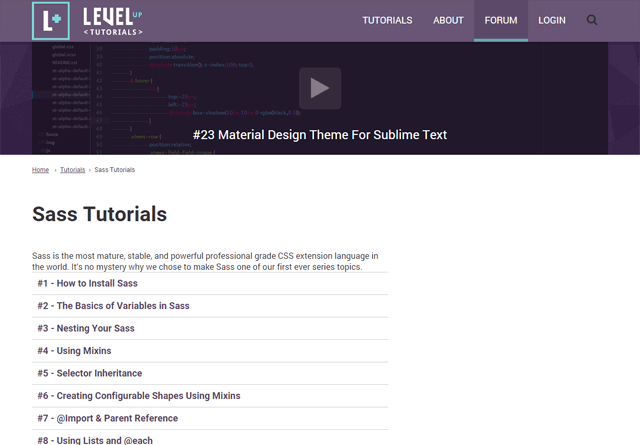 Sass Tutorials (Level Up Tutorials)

* * *

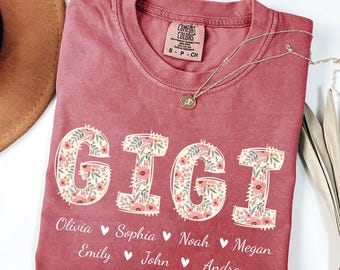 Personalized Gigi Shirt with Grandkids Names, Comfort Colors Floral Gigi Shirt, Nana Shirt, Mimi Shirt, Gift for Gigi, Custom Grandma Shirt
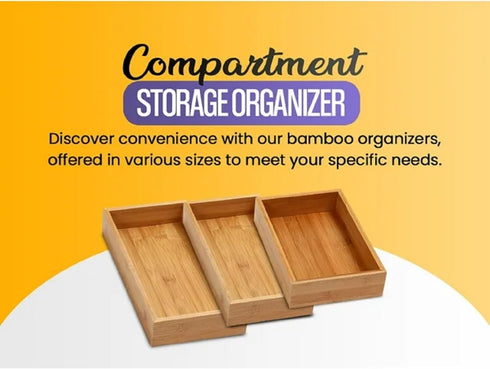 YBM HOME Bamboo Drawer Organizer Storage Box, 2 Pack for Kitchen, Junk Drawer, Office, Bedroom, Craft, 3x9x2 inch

**Work instructions:** Starting with the line that has "Personalized Gigi Shirt" and ending with the line that has "YBM HOME Bamboo", repeat the lines above exactly, omitting every picture.

**Solution to the exercise:**
 Personalized Gigi Shirt with Grandkids Names, Comfort Colors Floral Gigi Shirt, Nana Shirt, Mimi Shirt, Gift for Gigi, Custom Grandma Shirt
 YBM HOME Bamboo Drawer Organizer Storage Box, 2 Pack for Kitchen, Junk Drawer, Office, Bedroom, Craft, 3x9x2 inch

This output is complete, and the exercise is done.